• _RECORD EXTRACTS_
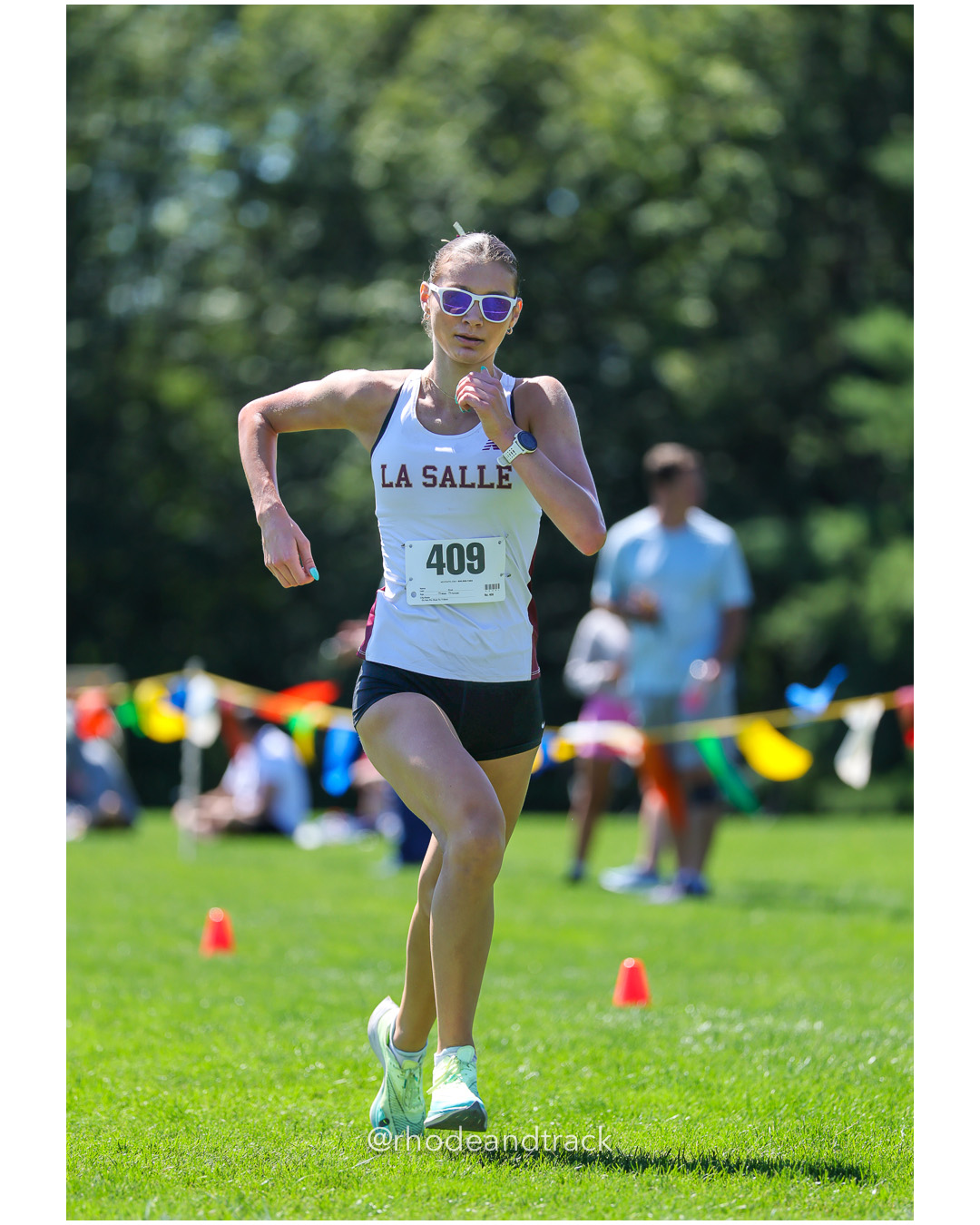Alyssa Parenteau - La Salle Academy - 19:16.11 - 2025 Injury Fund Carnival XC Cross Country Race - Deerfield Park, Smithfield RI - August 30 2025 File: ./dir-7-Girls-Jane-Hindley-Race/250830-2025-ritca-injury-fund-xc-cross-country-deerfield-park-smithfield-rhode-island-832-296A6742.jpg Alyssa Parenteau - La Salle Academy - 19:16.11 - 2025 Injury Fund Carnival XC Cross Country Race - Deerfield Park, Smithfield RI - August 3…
==
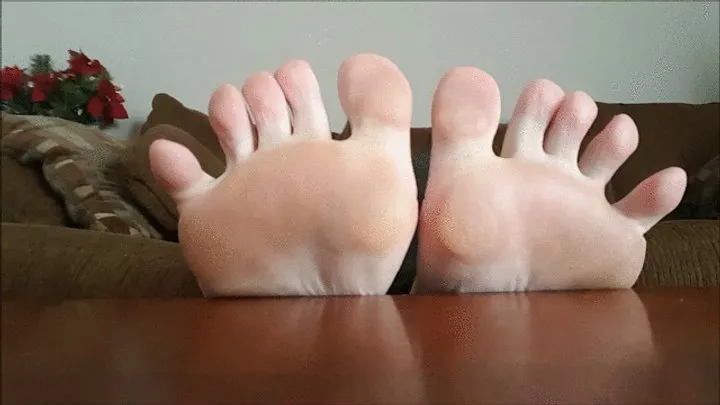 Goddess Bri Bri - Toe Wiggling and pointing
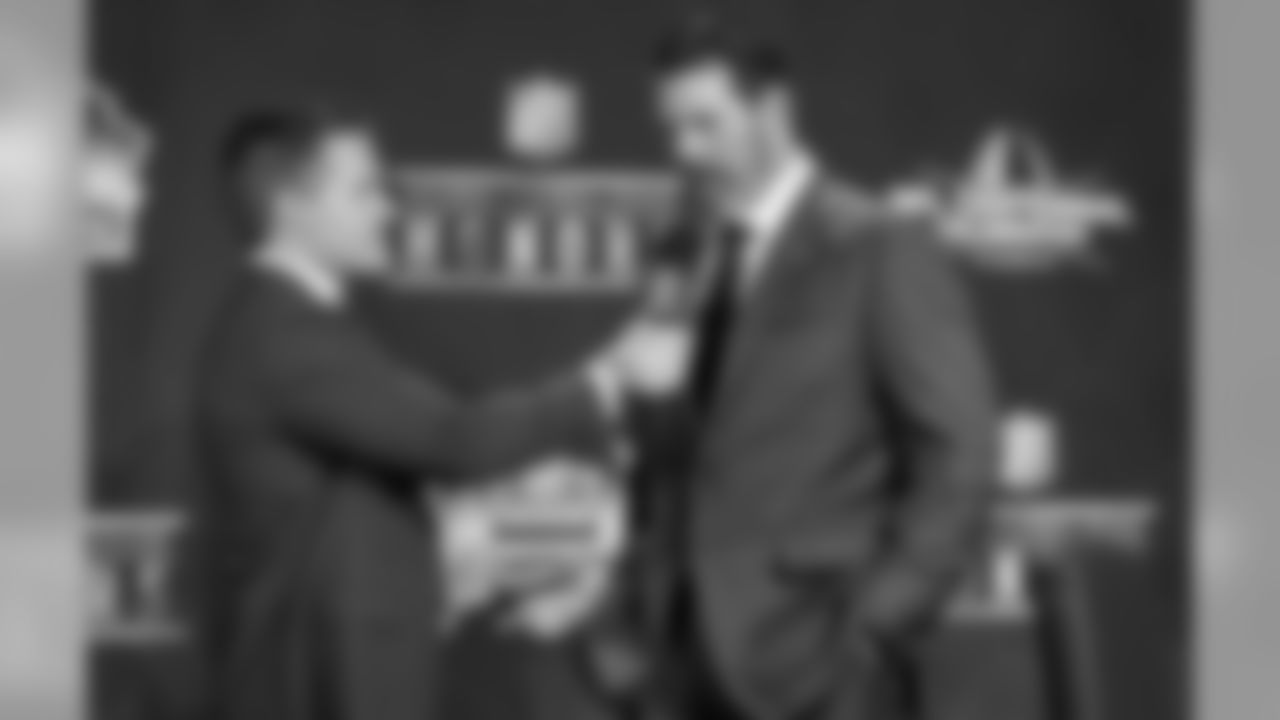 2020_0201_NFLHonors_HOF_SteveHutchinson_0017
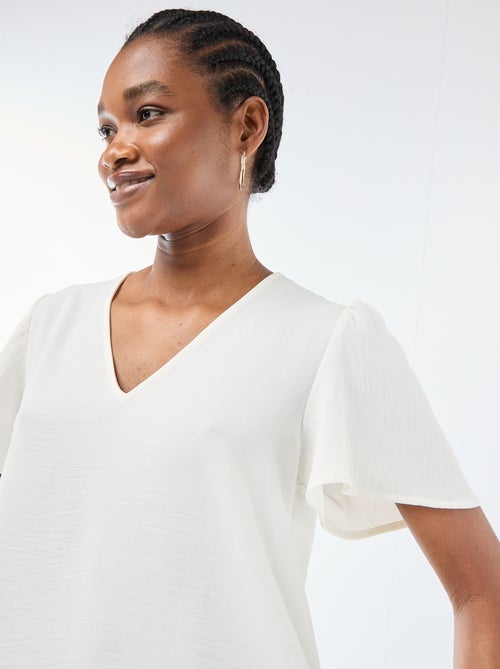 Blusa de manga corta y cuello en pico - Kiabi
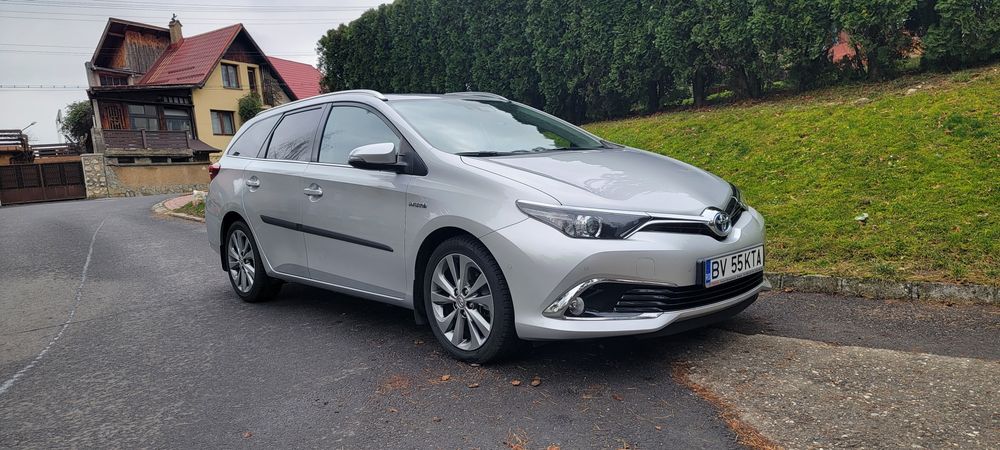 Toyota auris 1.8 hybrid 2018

• _TASK PROMPT_
An exact copy is needed of the stretch above that opens with the line containing "Blusa de manga" and closes with the line containing "Toyota auris 1.8 hybrid 2018"; the pictures are not part of it.

• _WORKED SOLUTION_
 Blusa de manga corta y cuello en pico - Kiabi
 Toyota auris 1.8 hybrid 2018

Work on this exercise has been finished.